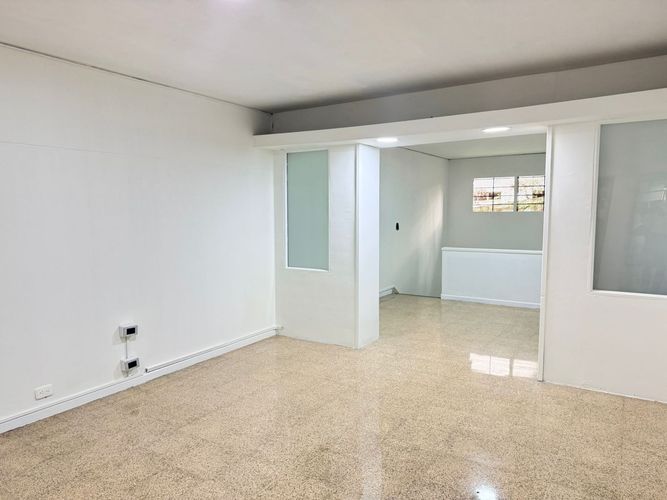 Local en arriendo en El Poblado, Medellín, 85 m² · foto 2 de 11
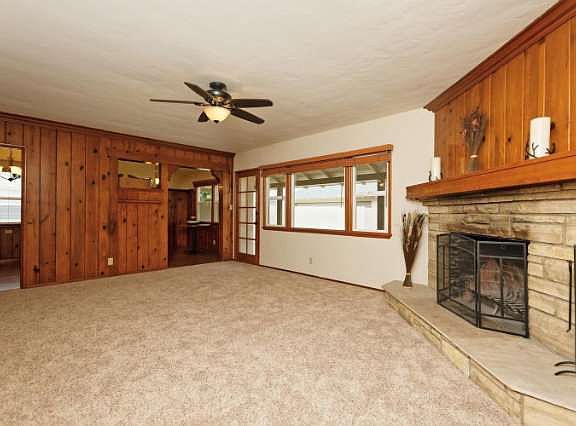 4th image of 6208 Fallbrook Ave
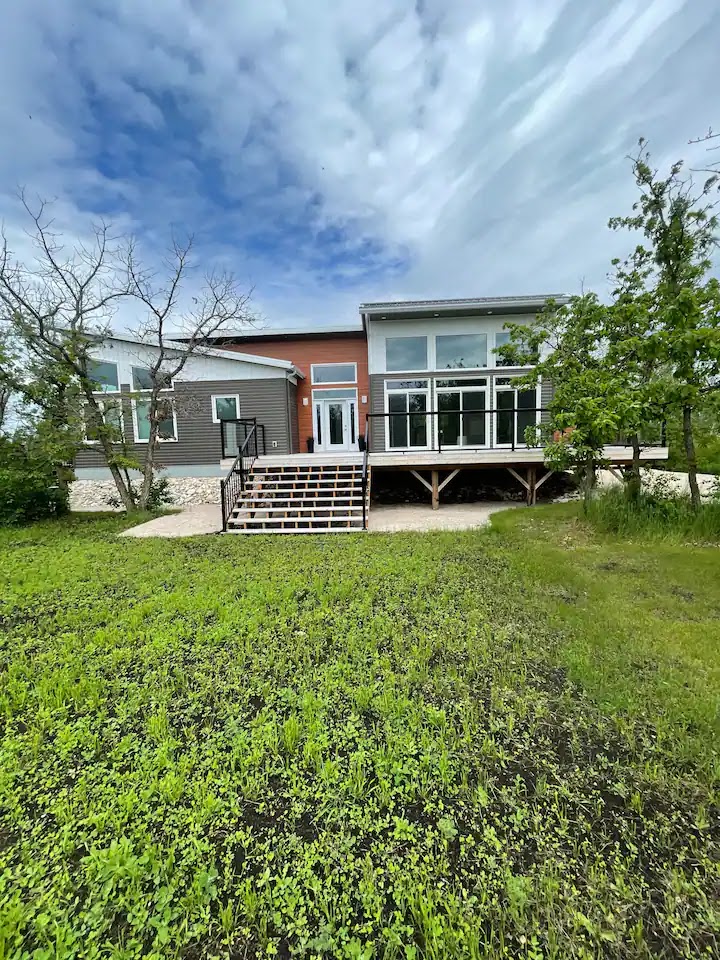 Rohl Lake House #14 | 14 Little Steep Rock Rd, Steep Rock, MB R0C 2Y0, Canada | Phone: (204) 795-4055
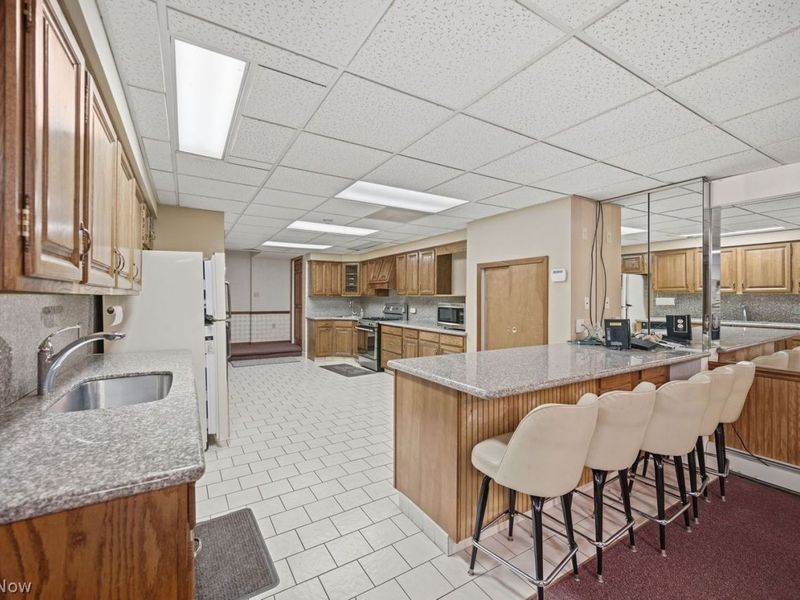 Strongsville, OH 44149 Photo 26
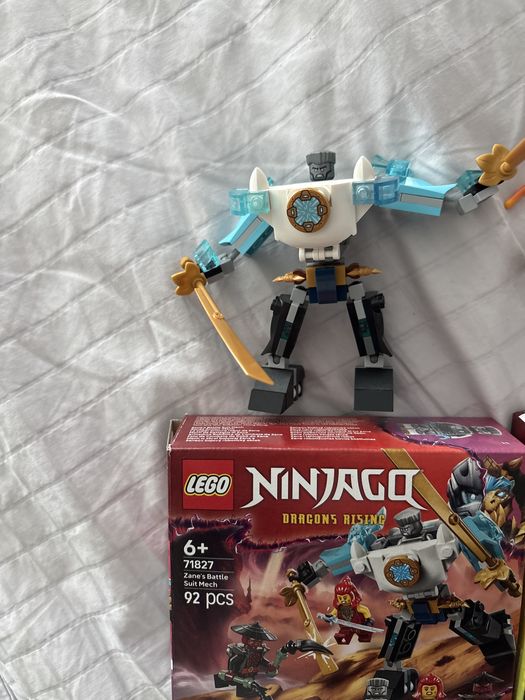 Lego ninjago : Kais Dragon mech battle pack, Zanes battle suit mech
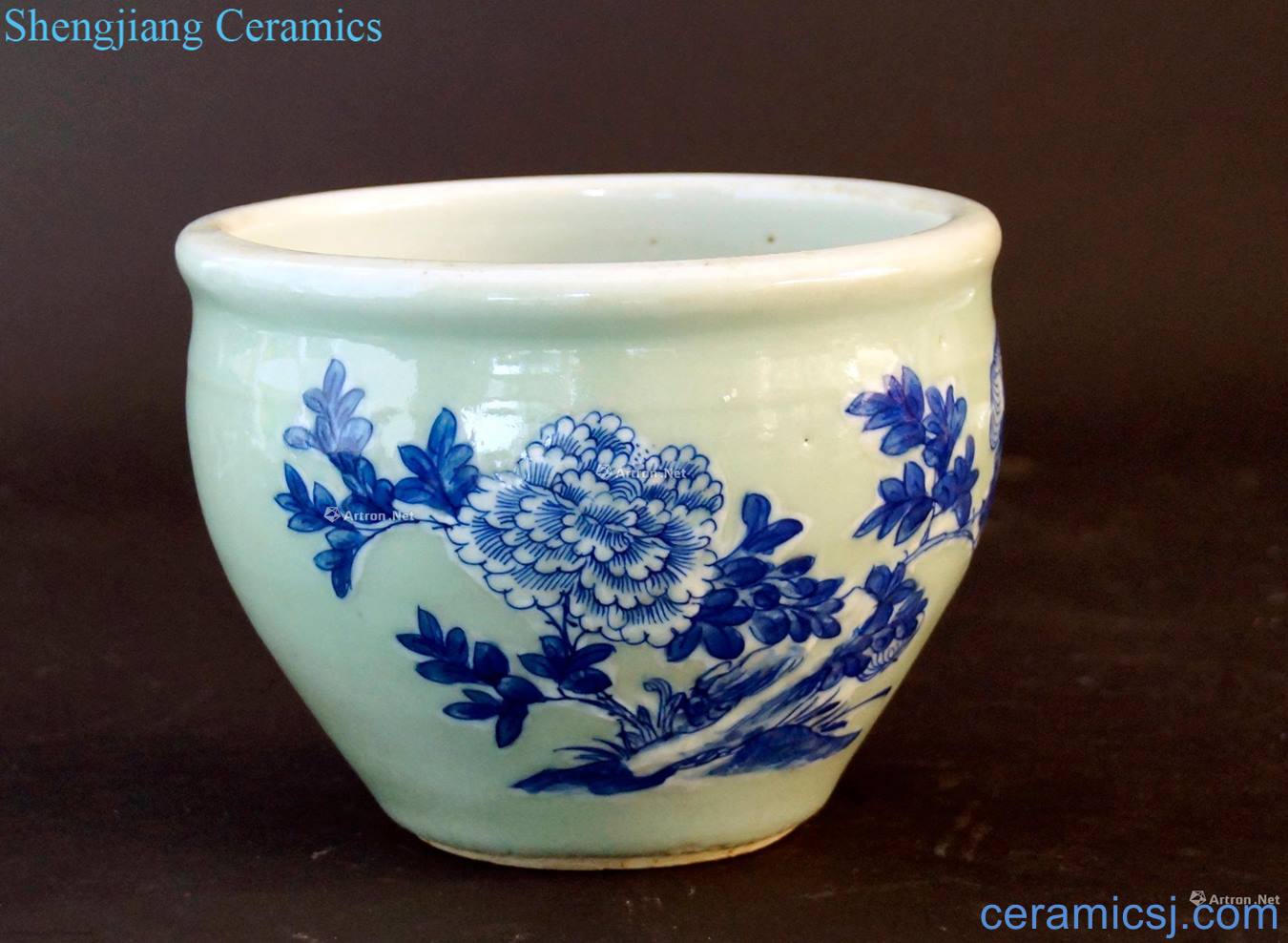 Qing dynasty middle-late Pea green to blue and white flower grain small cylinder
.....
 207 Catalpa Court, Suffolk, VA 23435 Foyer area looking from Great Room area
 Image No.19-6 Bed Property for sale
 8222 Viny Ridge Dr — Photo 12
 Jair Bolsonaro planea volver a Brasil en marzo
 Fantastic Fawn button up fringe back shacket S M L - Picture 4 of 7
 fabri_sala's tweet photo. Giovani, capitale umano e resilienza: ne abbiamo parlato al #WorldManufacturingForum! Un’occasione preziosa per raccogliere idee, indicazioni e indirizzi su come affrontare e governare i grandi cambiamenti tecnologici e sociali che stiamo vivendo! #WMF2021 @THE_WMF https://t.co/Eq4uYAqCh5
.....
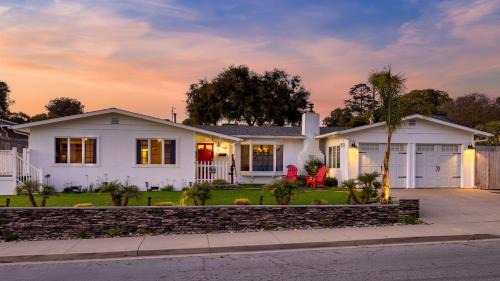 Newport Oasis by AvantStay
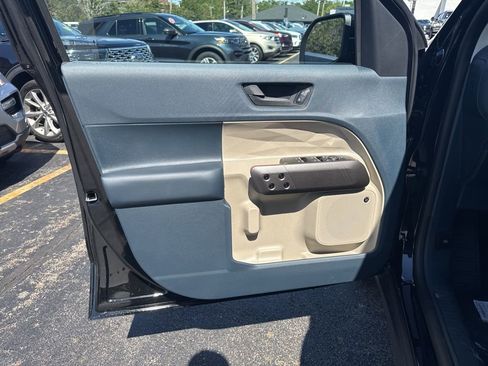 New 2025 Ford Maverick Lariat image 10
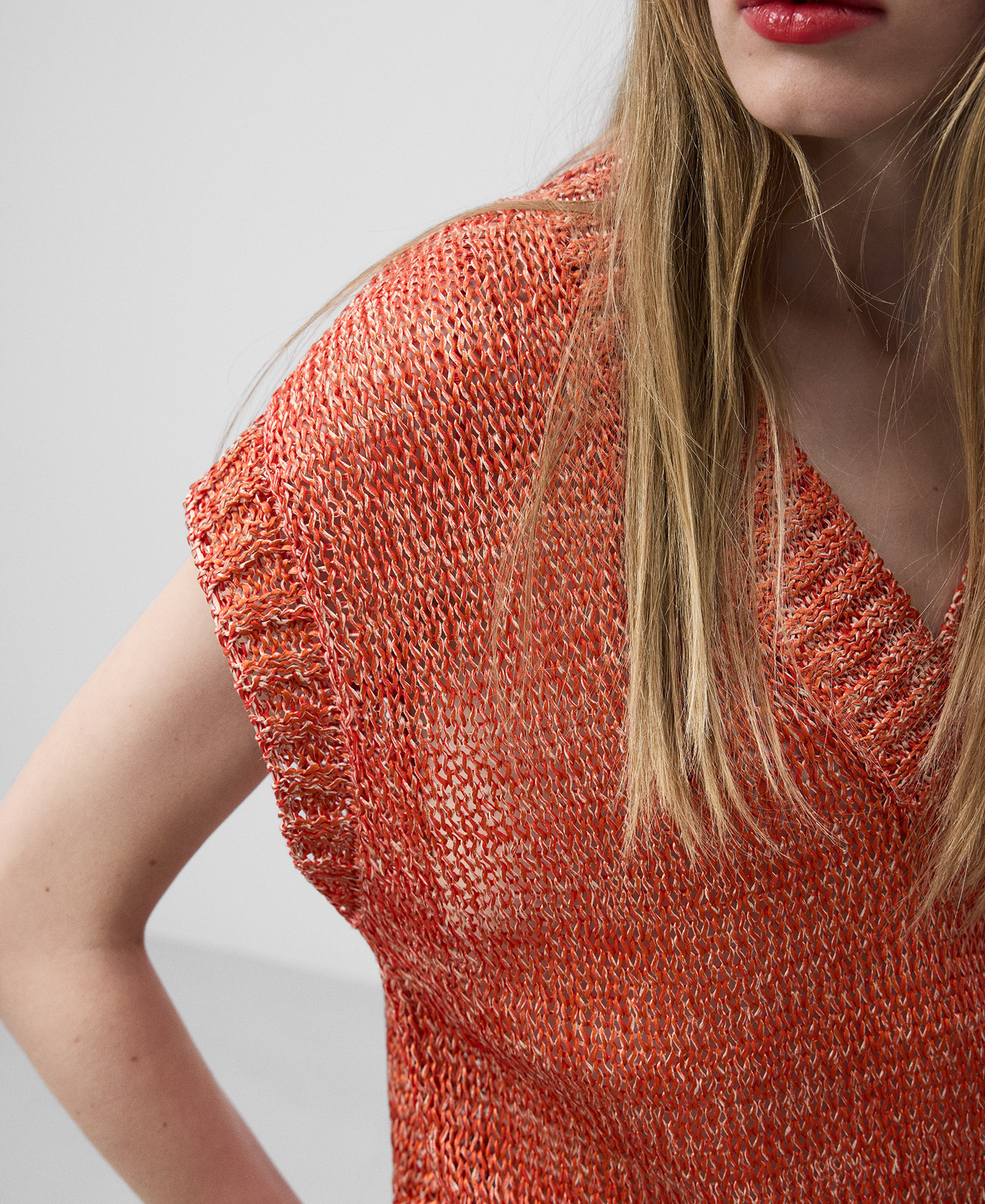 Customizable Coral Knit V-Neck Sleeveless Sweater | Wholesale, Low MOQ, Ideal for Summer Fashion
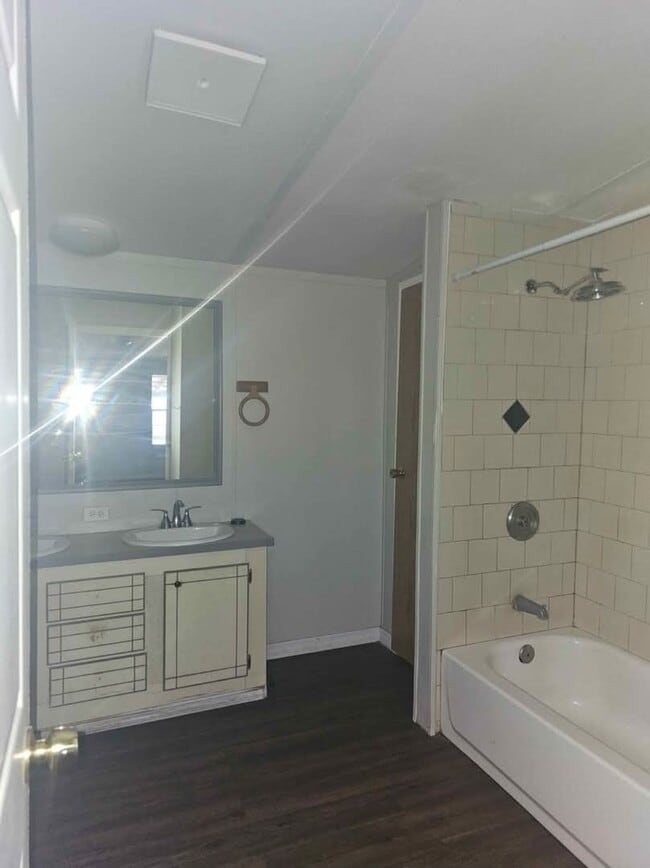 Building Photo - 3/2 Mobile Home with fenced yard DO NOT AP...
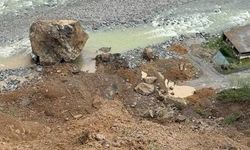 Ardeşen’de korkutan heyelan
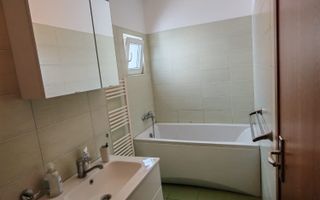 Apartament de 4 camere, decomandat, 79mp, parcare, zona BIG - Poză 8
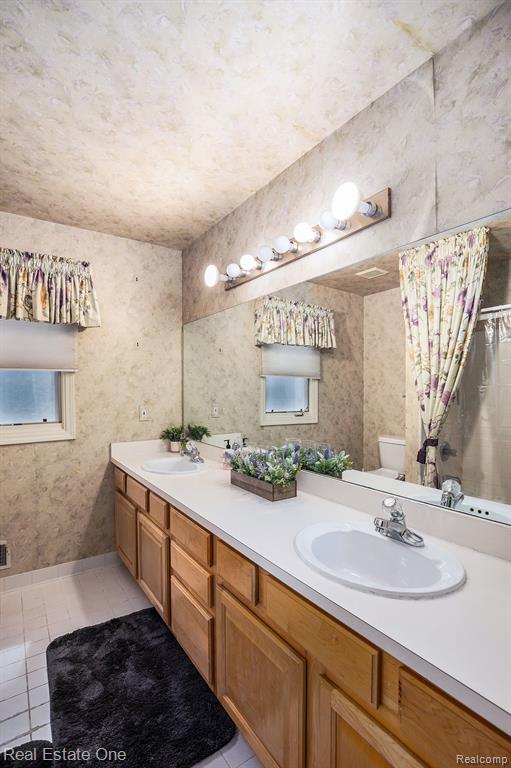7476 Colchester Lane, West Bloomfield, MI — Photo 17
.....
**Activity**
Starting with the line that contains "Lego ninjago : Kais" and finishing with the line that contains "Qing dynasty middle-late", reproduce every line of the material above exactly, but not the pictures.

**Answer section**
 Lego ninjago : Kais Dragon mech battle pack, Zanes battle suit mech
 Qing dynasty middle-late Pea green to blue and white flower grain small cylinder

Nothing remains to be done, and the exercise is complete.